Affaires - Sociétés et groupements
23/03/2020
Quatre jours. C’est le temps qu’il aura fallu au Parlement pour débattre de trois projets de loi, dont le projet de loi ordinaire dit Urgence pour faire face au Covid-19, définitivement voté le 22 mars 2020. En tout, ce sont une vingtaine d’ordonnances qui sont prévues, sans compter les décrets. Le point.
Un projet de loi examiné au pas de charge. Les parlementaires auront néanmoins été jusqu’à une commission mixte paritaire pour parvenir à un accord sur ce texte :
  • en conseil des ministres 18 mars après-midi ;
  • adopté par le Sénat le 19 mars, tôt le matin ;
  • en commission des lois de l’Assemblée nationale dans la nuit du 19 au 20 mars ;
  • la commission mixte paritaire est parvenue à un compromis le 22 mars à 14 heures 30 ;
  • validation par le Sénat à 17 heures 30 le même jour ;
  • vote par Assemblée nationale à 22 mars ;
  • promulgation par le Président de la République dans la soirée du 22 mars.

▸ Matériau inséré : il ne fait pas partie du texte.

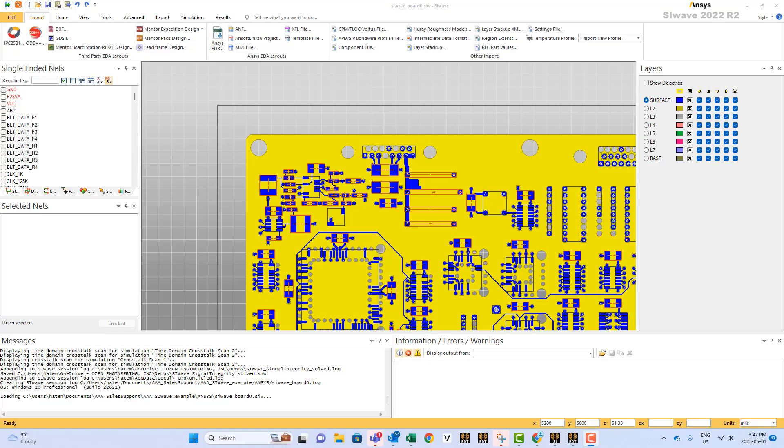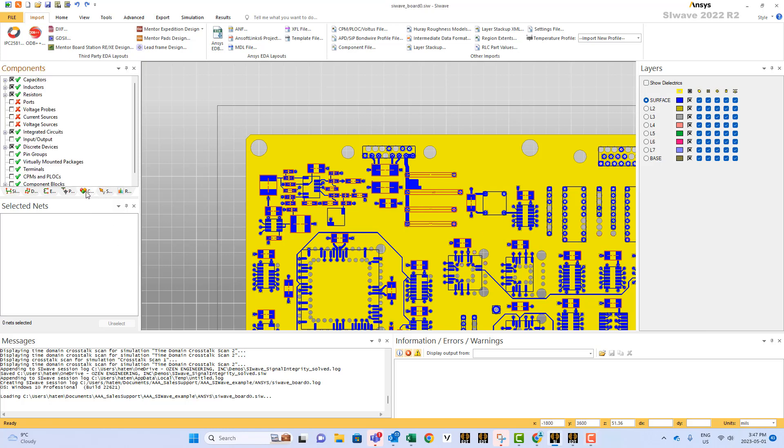How to hide components in SI Wave. The best way to do that is you go to the components panel. For example, you want to hide discrete devices, just click here. You see all the discrete components will disappear.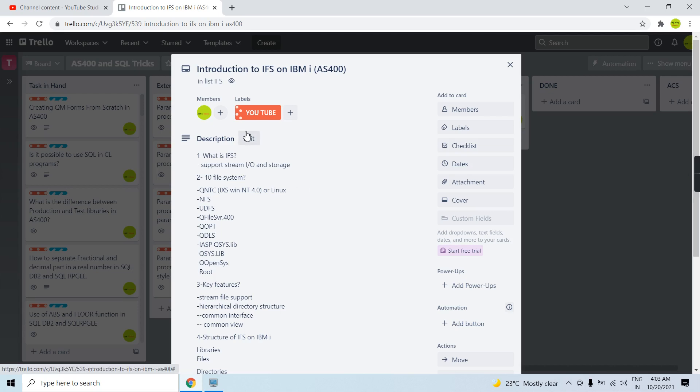Welcome to this channel. In this video session I'll discuss a new topic. We'll be starting this series on IFS from today and we'll be uploading more topics so that you will grasp the understanding of the IFS on IBM i. Maybe later we'll discuss how we can access the IFS or do something on IFS using programs. Let's start with the basic introduction first in this video.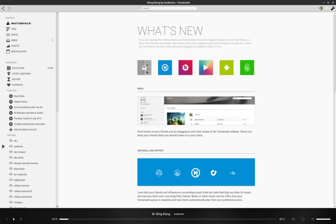Tomahawk is a free, open-source cross-platform music player for Windows, macOS and Linux. An Android client is currently in beta.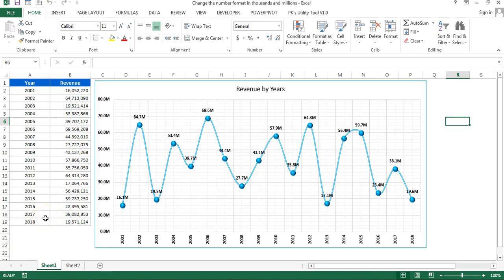Hello friends, welcome back. My name is Priyendra Kumar. In this video I'll tell you how to change the number format to thousands and millions. This is a small trick but very useful and it can be used in multiple places.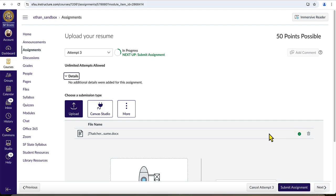If the file name doesn't seem right, or you accidentally uploaded the wrong file, you can also click on the garbage can icon next to the check mark to delete the file, and then upload the new one.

Des désaccords persistants sur deux points en particulier : « Nos débats se sont concentrés sur deux points essentiels, a indiqué Richard Ferrand, président de l’Assemblée nationale. Dans le volet sanitaire du projet de loi, que nous avons symboliquement transformé en titre Ier au vu des enjeux qu’il emporte, nous avons réussi à trouver un consensus au sujet de la clause de sauvegarde (…). Dans le volet électoral, nous avons choisi d’apaiser les inquiétudes des élus municipaux en écrivant noir sur blanc que les élections régulièrement acquises lors du premier tour du 15 mars le seraient définitivement ».
Le projet de loi Urgence face au Covid comprend désormais 22 articles, contre 11 initialement (pour un commentaire d’un projet de loi voté par le Sénat, le 21 mars 2020, v. PJL d’urgence pour faire face au Covid-19 : ce que prévoit le texte voté par le Sénat en faveur des entreprises, Actualités du droit, 20 mars 2020).

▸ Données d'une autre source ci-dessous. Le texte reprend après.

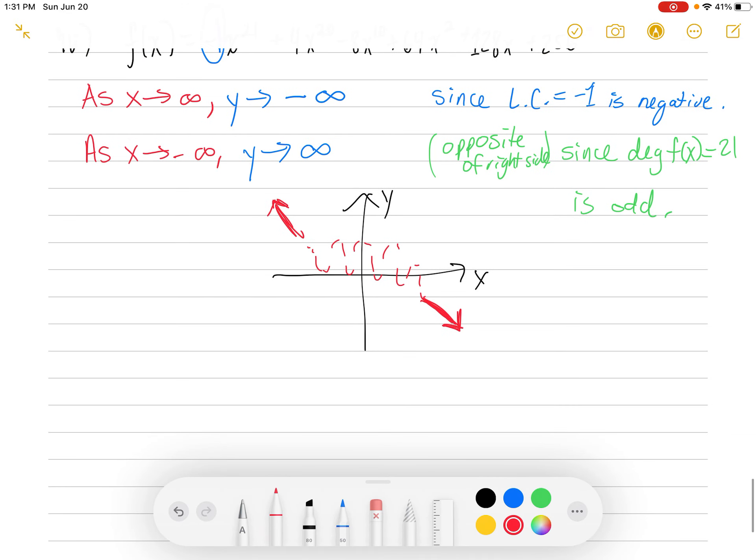We've covered all four types in these four examples. We're going to do a little further analysis of polynomial graphs.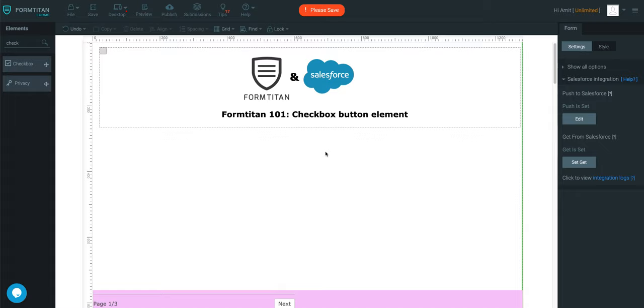In this video, I'm going to introduce you to the checkbox button element. If you're ever looking to record some sort of checkbox use case scenario, then checkbox is for you.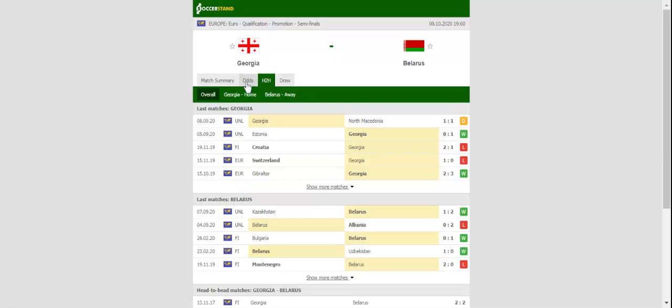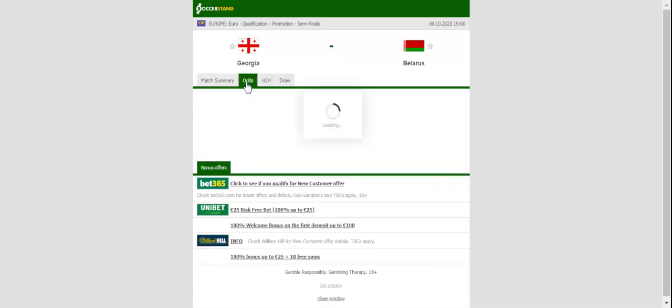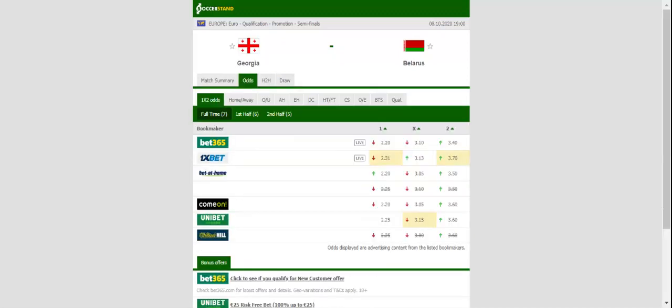The team shared the spoils with North Macedonia in their second group game. The Georgians have been making progress month by month, and it's no wonder bookies see them as slim favorites to win Thursday's promotion clash.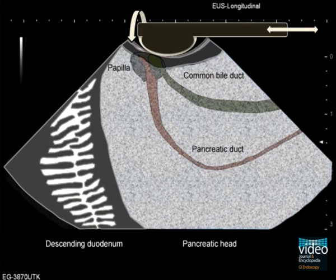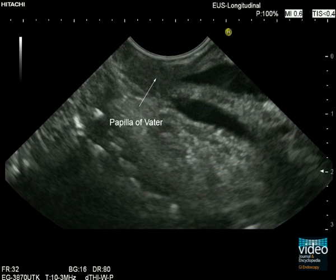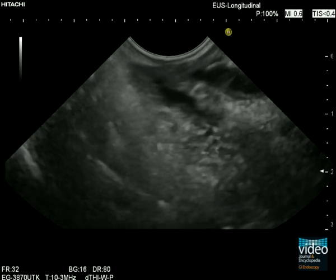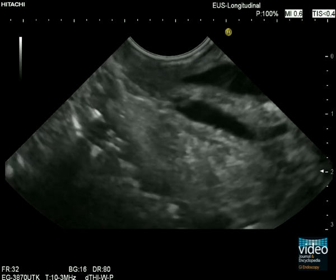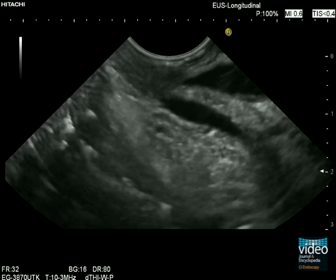Very gentle counterclockwise rotation will bring a longitudinal section of the distal bile duct into focus. Here we see the endosonographic image with the hypoechoic papilla, the pancreatic duct which is distant to the transducer, and the distal bile duct which is close to the transducer. At the left side of the image, air-filled structures of the third part of the duodenum can be seen. Close contact to the duodenal wall and very slow, cautious and gentle movements of the scope are key to stay close to the ductal structures.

Côté forme, l’ordre des titres a été inversé :
  • le titre I est désormais consacré à l’état d’urgence sanitaire ;
  • le titre II, aux mesures d’urgence économique et d’adaptation à la lutte contre l’épidémie de Covid-19 ;
  • le titre III, aux dispositions électorales.

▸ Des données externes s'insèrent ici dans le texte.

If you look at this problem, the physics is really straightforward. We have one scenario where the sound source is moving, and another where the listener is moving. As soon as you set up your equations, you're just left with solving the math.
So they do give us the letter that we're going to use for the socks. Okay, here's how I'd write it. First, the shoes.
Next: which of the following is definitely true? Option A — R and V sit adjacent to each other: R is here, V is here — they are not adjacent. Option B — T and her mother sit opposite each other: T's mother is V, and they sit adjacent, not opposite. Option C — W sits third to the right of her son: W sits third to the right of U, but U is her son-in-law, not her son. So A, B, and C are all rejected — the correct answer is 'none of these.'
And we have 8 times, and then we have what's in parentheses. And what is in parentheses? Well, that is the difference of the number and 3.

Et surtout, côté habilitation, voici ce qu’il prévoit :
  • 43 habilitations ;
  • une vingtaine d’ordonnances.
« Il faut être lucide, souligne Marc Fresneau, nous ne connaissons pas toutes les mesures qu’il faudra prendre en fonction de l’évolution de la situation. Mais nous prévoyons dès à présent de soutenir massivement la trésorerie des entreprises et de leur apporter des aides directes et indirectes afin de préserver l’essentiel. Le droit du travail sera également adapté de façon temporaire afin de garantir de la souplesse et de limiter les ruptures de contrats de travail. Ces mesures provisoires auront pour seul et unique objectif de permettre la poursuite du travail et la satisfaction des besoins essentiels de la nation ».
 
Ce qu’il faut retenir s’agissant de l’état d’urgence sanitaire
Champ d’application rationae materiae et temporae.- Les travaux parlementaires ont permis d’insérer plus de transparence autour du contexte qui fonde l’état d’urgence sanitaire. Concrètement,
  • « Les données scientifiques disponibles sur la situation sanitaire qui ont motivé la décision sont rendues publiques » ;
  • « L’Assemblée nationale et le Sénat sont informés sans délai des mesures prises par le Gouvernement au titre de l’état d’urgence sanitaire ;
  • L’Assemblée nationale et le Sénat peuvent requérir toute information complémentaire dans le cadre du contrôle et de l’évaluation de ces mesures.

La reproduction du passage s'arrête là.